Otherwise, matches itself.
[ Matches itself, since classes don't nest.
] As the first character after any ^, matches itself.
Otherwise, ends the character class.
[:alnum:] [A-Za-z0-9]
[:alpha:] [A-Za-z]
[:blank:] Space or tab
[:cntrl:] Any control character
[:digit:] [0-9]
[:graph:] Any printable character except space
[:lower:] [a-z]
[:print:] Any printable character including space
[:punct:] Any printable character except [^ A-Za-z0-9]

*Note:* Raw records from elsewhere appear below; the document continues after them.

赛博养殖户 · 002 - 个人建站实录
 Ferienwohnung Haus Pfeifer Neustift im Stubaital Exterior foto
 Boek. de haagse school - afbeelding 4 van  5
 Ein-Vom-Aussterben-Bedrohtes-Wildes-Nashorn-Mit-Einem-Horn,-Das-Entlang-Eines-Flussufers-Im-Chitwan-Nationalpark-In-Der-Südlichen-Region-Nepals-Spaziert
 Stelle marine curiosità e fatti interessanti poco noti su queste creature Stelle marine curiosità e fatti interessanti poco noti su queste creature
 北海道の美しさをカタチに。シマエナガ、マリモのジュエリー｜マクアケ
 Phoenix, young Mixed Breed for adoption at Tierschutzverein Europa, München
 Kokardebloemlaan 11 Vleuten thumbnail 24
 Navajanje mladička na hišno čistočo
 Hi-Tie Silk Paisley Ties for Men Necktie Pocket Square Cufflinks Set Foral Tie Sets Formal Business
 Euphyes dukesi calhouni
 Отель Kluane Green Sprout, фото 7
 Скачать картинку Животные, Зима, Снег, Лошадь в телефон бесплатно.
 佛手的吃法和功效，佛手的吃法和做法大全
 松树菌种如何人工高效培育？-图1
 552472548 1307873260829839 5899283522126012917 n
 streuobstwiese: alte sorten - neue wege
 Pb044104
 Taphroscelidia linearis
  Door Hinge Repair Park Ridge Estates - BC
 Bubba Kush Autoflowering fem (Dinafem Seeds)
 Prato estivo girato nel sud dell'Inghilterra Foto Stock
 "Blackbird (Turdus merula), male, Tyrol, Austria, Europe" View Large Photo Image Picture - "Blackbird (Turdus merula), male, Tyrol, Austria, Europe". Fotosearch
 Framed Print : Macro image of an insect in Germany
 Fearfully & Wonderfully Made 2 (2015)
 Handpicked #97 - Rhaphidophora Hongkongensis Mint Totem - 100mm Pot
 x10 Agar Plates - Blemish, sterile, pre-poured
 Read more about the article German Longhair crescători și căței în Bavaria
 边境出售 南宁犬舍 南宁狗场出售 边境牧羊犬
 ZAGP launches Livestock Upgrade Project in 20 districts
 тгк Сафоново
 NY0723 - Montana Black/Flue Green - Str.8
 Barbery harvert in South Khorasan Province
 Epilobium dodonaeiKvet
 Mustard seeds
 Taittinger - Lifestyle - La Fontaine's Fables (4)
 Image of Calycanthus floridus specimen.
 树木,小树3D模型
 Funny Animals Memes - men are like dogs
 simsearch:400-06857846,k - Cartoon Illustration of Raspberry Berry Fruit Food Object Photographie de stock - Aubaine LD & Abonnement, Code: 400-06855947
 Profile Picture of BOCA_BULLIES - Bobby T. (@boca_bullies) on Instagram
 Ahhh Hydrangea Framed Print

[:space:] Space, tab, newline, carriage return, form feed,
vertical tab
[:upper:] [A-Z]
[:word:] Any word character, i.e., same as \w
[:xdigit:] Any hexadecimal digit: [0-9A-Fa-f]
Replacement
$0 The overall match
$N The Nth subexpression counting '('s from the left
$-N The Nth subexpression counting '('s from the right
${x} The subexpression named "x"
\$ Literal dollar character
\\ Literal backslash